Moms, Sons, and Video Games



Generally speaking, although there are exceptions, it is easier to stay "in touch" with our teenage daughters than it is with our teenage sons. On the surface, it may not appear so, but how often do you get to really talk with your growing son? How much one on one time do you get? And I don't mean from the stands of a sporting event that he is participating in.

There are several ways to accomplish this major goal as a parent. You could go hiking together, camping, fishing, but these are usually "Dad" times to bond. Some Moms do this as well, but I found something that is fun, a bit challenging, and just about anyone can do it. Now, this is for the Mom whose boys enjoy video games and are completely brilliant at them, getting bored easily because they beat the game so quickly. Ask them to teach you how to play, be very interested, and genuinely wish to learn!
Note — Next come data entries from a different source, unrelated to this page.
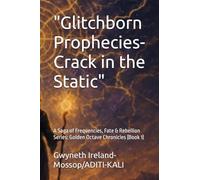 Glitchborn Prophecies-Crack in the Static: A Saga of Frequencies, Fate & Rebellion Series: Golden Octave Chronicles (Book 1)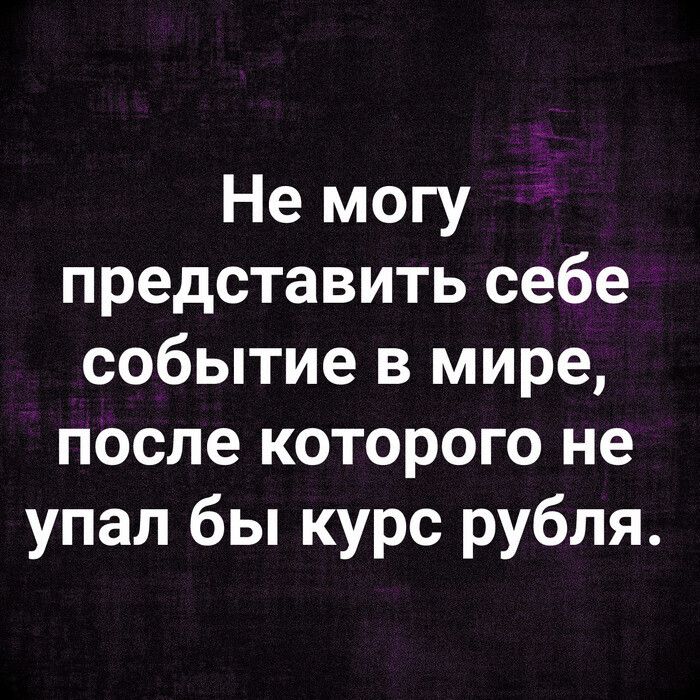 Не могу представить себе событие в мире после которого не упал бы курс рубля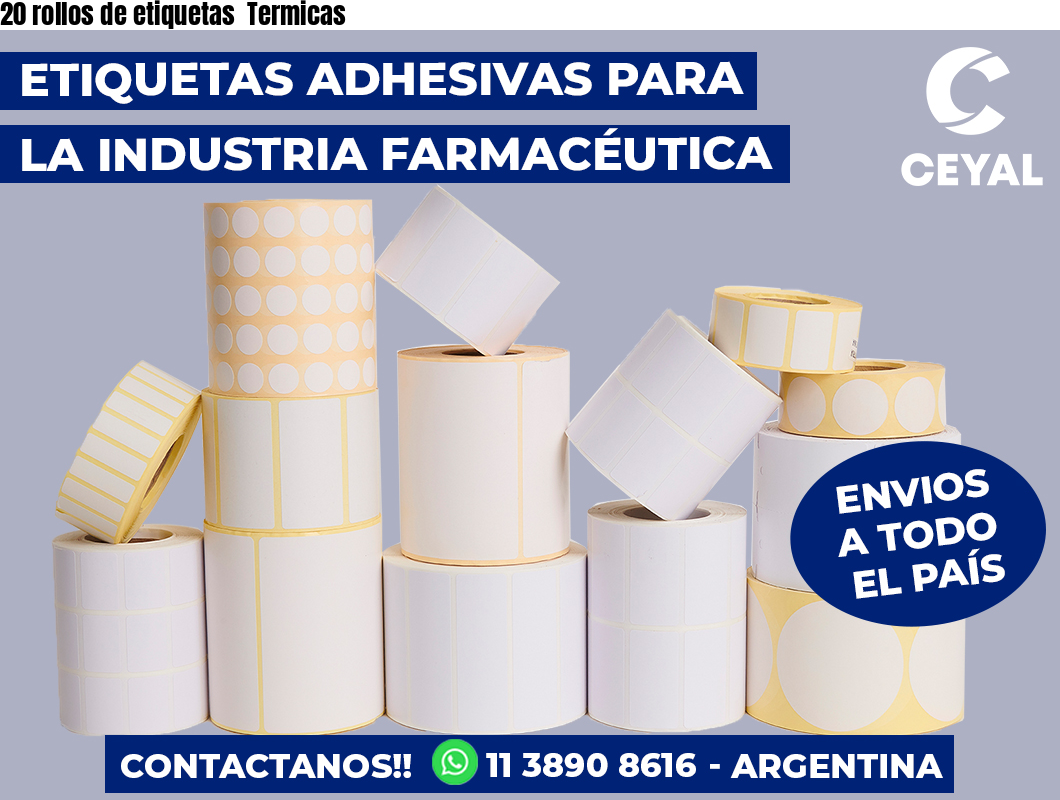 20 rollos de etiquetas Termicas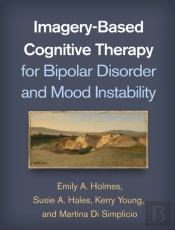 Imagery-Based Cognitive Therapy For Bipolar Disorder And Mood Instability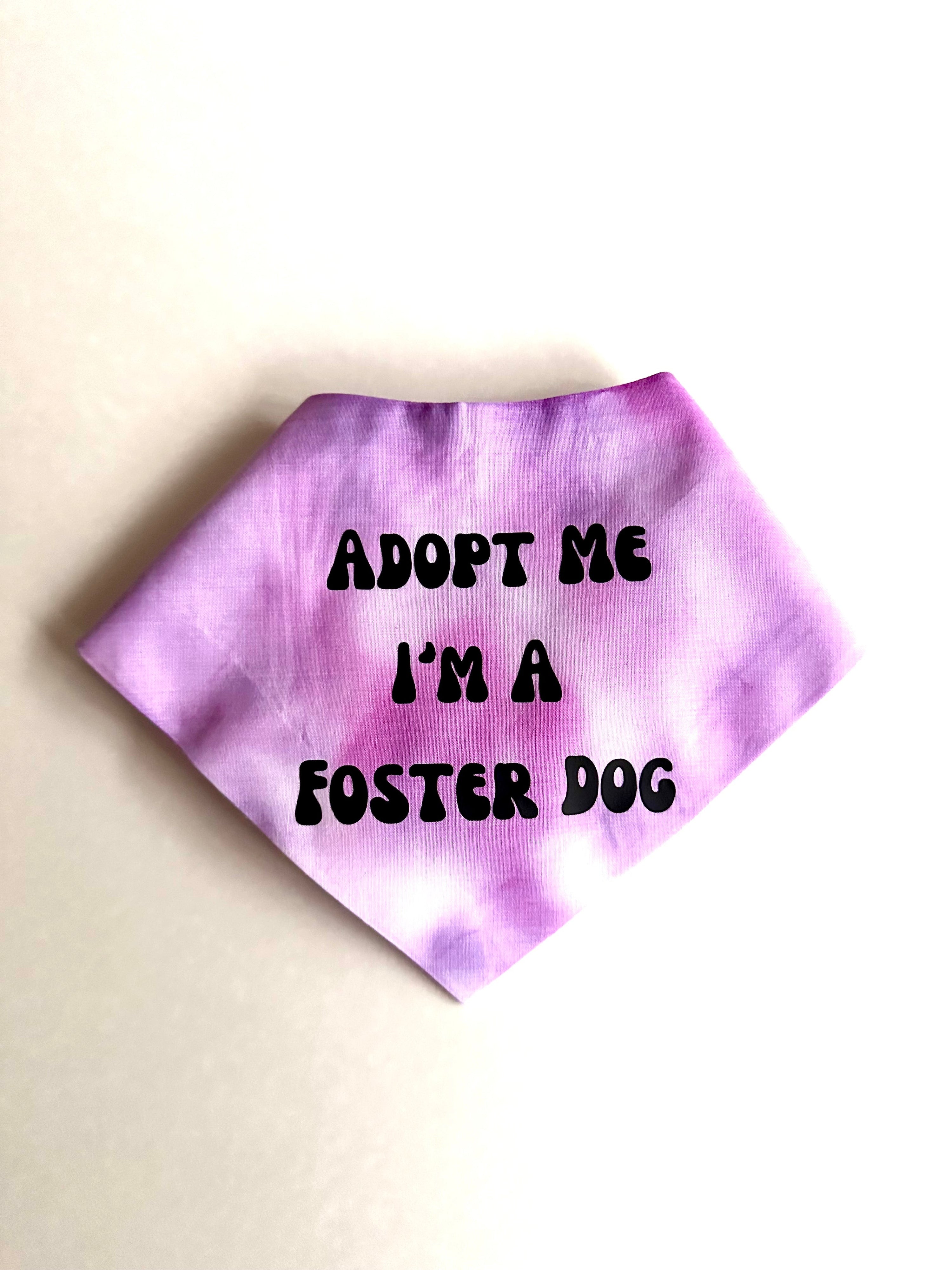Adopt Me Im A Foster Tie Dye Dog Bandana New Arrival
The easiest game I found, and the one my son taught me first, is Dungeons and Dragons Heroes for the XBox. It is a two player game, comes with a tutorial that you stay in until you have it all figured out and learn the controls, the graphics are pretty good, and will retain your sons interest for enough time to get you started. The choices in the two player game catagory are very limited, but after you master Dungeons and Dragons Heroes, try another XBox game called Baldurs Gate Dark Alliance 2. This is a more challenging game that will hold both you and your son's attention a bit longer as there is an awesome side quest to find soul shards. As you get more comfortable with the game systems, you start incorporating other topics into your conversations besides just the games and "which button do I push?" Before long, he will start to tell you important things about his day or even his thoughts. Understand, that if he is really good at the games, for him, it is a relaxing, no brainer activity, and those are the most opportune times to get to know who your son really is.

Yes, it might be a lot of work to learn something new, or you just don't have time, or it is too hard. OK, this is not for everyone and certainly there are other ways, but this way works And you obtain a skill to boot! Trust me, video games Are a skill! Some help with History, like Age Of Empires will give you is a big plus. Age Of Empires is a PC game that comes in different eras. A brilliant learning tool on the Roman Empire and tacticle manouvers, while you learn better to interact with your son.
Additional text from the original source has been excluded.